One of our Directors pinged me on Friday about penning some thoughts on the South Ossetia situation – due to my considerable (and ongoing) eastern European business experience, including one visit (two years ago) to the Caucasus region. I can’t claim any insider knowledge, but having seen quite a bit, I’ll just note that contrary to Francis Fukuyama’s expectations, history is once again asserting itself.
In the interest of brevity, I’ll just mention three things….
1. Ottoman Hangover. Three of the world’s biggest trouble spots in recent years have been the Middle East, the Balkans, and the Caucasus. It never seems to be noted that all three of these regions have one thing in common – they were all edge-regions of the Ottoman Empire. Particularly in its latter couple of centuries, the Ottoman Empire was beyond being a complete mess – it was a crazy quilt of local autonomies of various incoherent sorts.
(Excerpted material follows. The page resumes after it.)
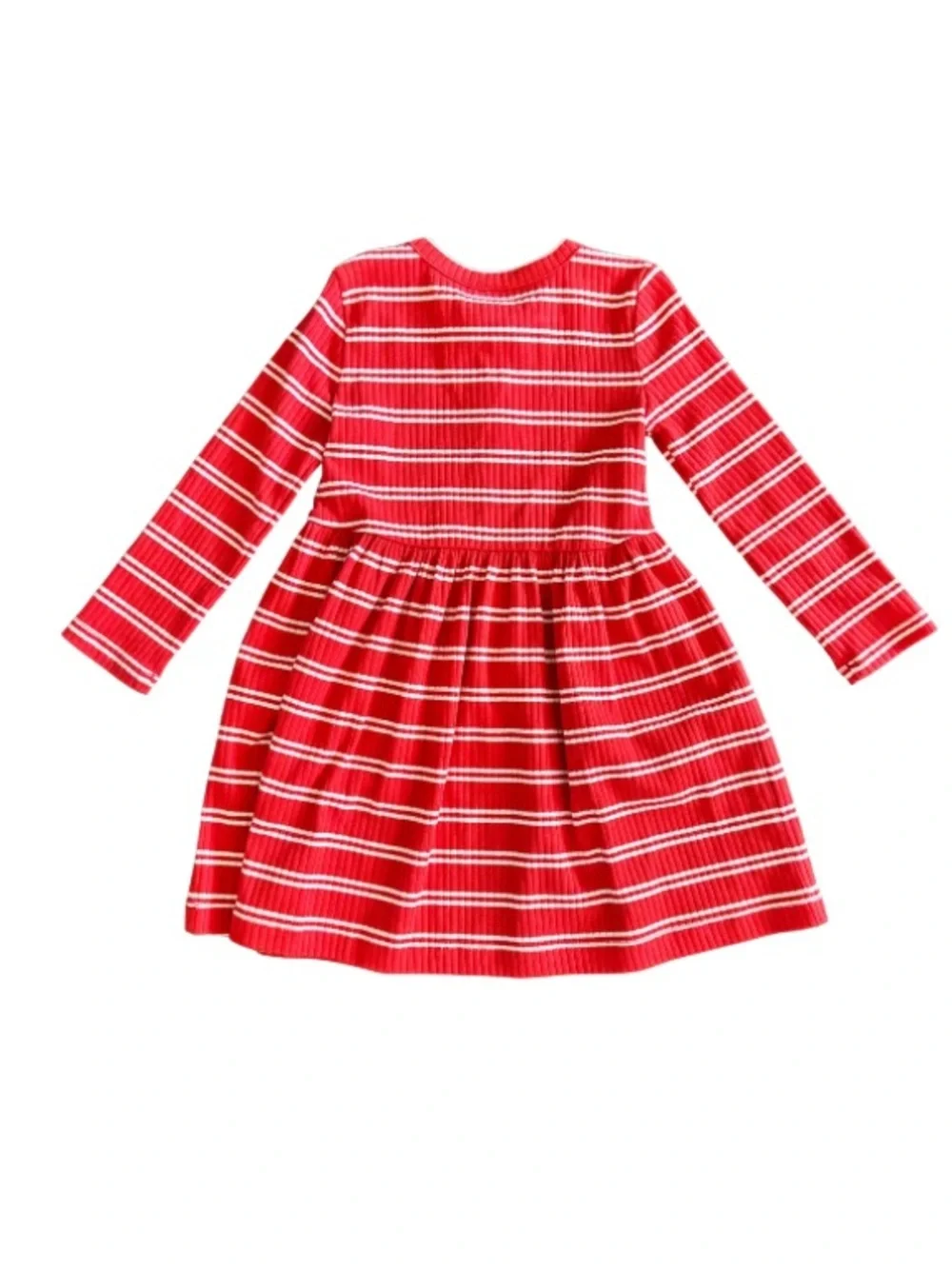 ❤️🤍 Hanna Andersson Red Stripe Rib Knit Dress 3T 🇺🇸✨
Think a kindergarten with no teachers and you’ll probably get the idea; after a few centuries of this sort of thing, it’s no surprise that chaos is the normal order of business even to this day.
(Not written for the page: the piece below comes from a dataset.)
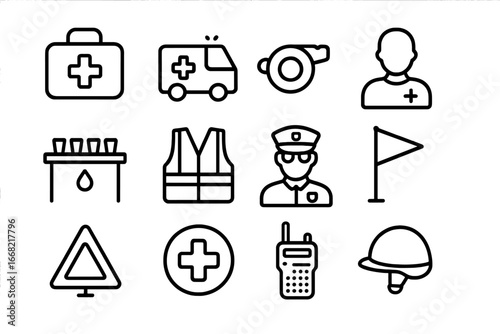 Marathon Safety Icons. Outline icon set of marathon safety: first aid kit, ambulance, whistle, lifeguard,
2. Too many “ethnicities” in too little space. The fission of “Yugoslavia” (which may not be finished yet) is a good example of this. In the Caucasus, the present border between Russia and the Caucasian states is defined by the crest of the Caucasus Mountains; to the south of the crest, the nation-states are now defined by the old (imposed) “SSR” boundaries – giving us Georgia, Armenia, and Azerbaijan. But the number of (at least claimed) ethnicities is much larger. “Ossetia” straddles the range, while there are fragments on both sides. This is probably an intractable problem – on BOTH sides of the crest. Russian trouble-making in the South Caucasus could boomerang into the (Russian-controlled) North Caucasus.
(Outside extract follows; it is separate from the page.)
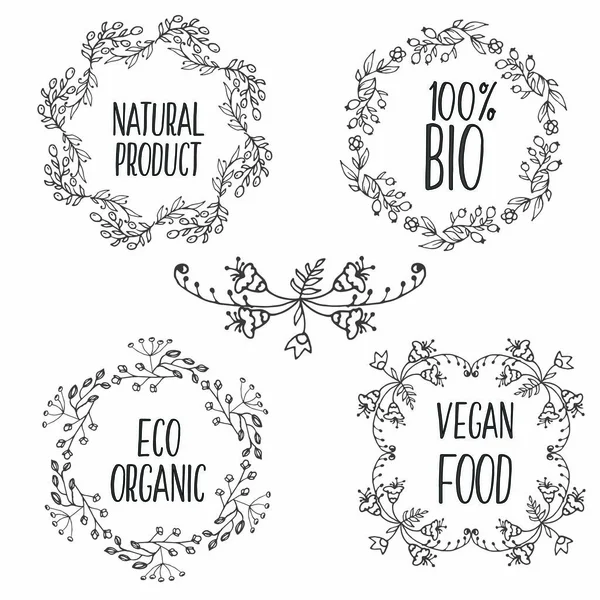 Vector floral decorative frames set. Herbs and wild flowers. — Stock Vector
3. The “nation-state” system is in deep trouble. This problem is evident in this crisis, and it may be the most important problem we face today – one that supersedes even “Islamic terrorism” since they’ve been so effective at exploiting this problem to get it to swing both ways for them. The present (very effective) system dates to the Treaty of Westphalia in 1648 – with a chief benefit being that “nation-states” were given privileges, but also responsibilities. Basically, when there was a problem somewhere, you knew who to go to. That’s obviously a problem in the South Caucasus; both South Ossetia and Abkhazia are “holes in the map” – supposedly in the territory of one state (Georgia) but actually not under the control of any recognized state. When you get murk like this, with no real effective responsibility, all sorts of weeds grow – for example, apparently one of South Ossetia’s largest contemporary “industries” is the production of counterfeit $100 bills. The Transdneistr (a non-part part of Moldova) is another hole in the map that has become a center for uncontrollable murky activities. And for the time being we need not discuss the Hezbollah non-part of Lebanon, or the Waziristan non-part part of Pakistan. But you get the drift – the situation with these vaporous non-entity entities will have to be resolved soon, or the entire international system will collapse catastrophically.